Yahoo was so focused on winning search that it essentially surrendered social. In 2005, Flickr had far and away the best social connection and discovery tools on the Internet. Remember, back then Facebook was still very much a fledgling service, one that didn't even let you upload pictures other than the one in your profile. Yahoo, meanwhile, had existing internal social products, like Address Book and Messenger. Social was clearly the future. What Yahoo wanted, however, wasn't the future. It was to re-fight an old battle from the past. It was to beat Google.

"By the time we were looking at Flickr, Yahoo was getting the shit kicked out of it by Google. The race was on to find other areas of search where we could build a commanding lead," says one high ranking Yahoo executive familiar with the deal.

Flickr offered a way to do that. Because Flickr photos were tagged and labeled and categorized so efficiently by users, they were highly searchable.

"That is the reason we bought Flickr—not the community. We didn't give a shit about that. The theory behind buying Flickr was not to increase social connections, it was to monetize the image index. It was totally not about social communities or social networking. It was certainly nothing to do with the users."

And that was the problem.
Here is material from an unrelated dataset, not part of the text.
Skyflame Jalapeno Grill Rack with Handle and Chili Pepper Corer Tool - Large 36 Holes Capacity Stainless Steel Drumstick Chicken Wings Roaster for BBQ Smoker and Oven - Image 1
At the time, the Web was rapidly becoming more social, and Flickr was at the forefront of that movement. It was all about groups and comments and identifying people as contacts, friends or family. To Yahoo, it was just a fucking database.
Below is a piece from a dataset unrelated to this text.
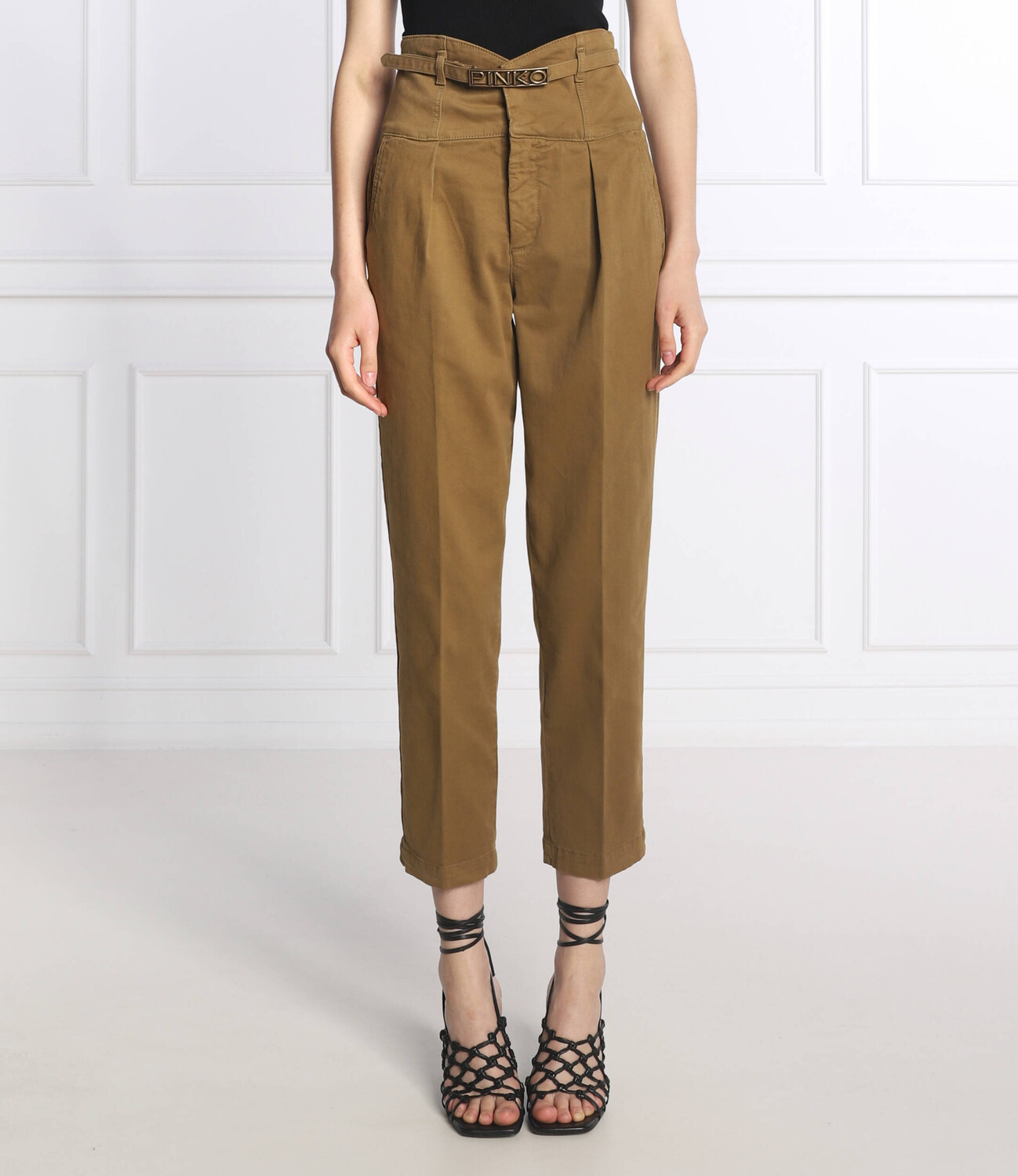 

Брюки Pinko Regular Fit, оливково-зеленый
There's a difference between a missed opportunity and a complete fuck-up. When Yahoo failed to capitalize on Flickr's social potential, that was a missed opportunity. But if you want to see where it completely fucked up, where it just butchered Flickr with dull knives and duller wit, turn on your phone and launch the Flickr app. Oh, what's that, you don't have one? Exactly.

Flickr's last best hope is that Yahoo realizes its value and decides to spin it off for a few bucks before both drop down into a final death spiral. But even if that happens, Flickr has a long road ahead of it to relevance. People don't tend to come back to homes they've already abandoned.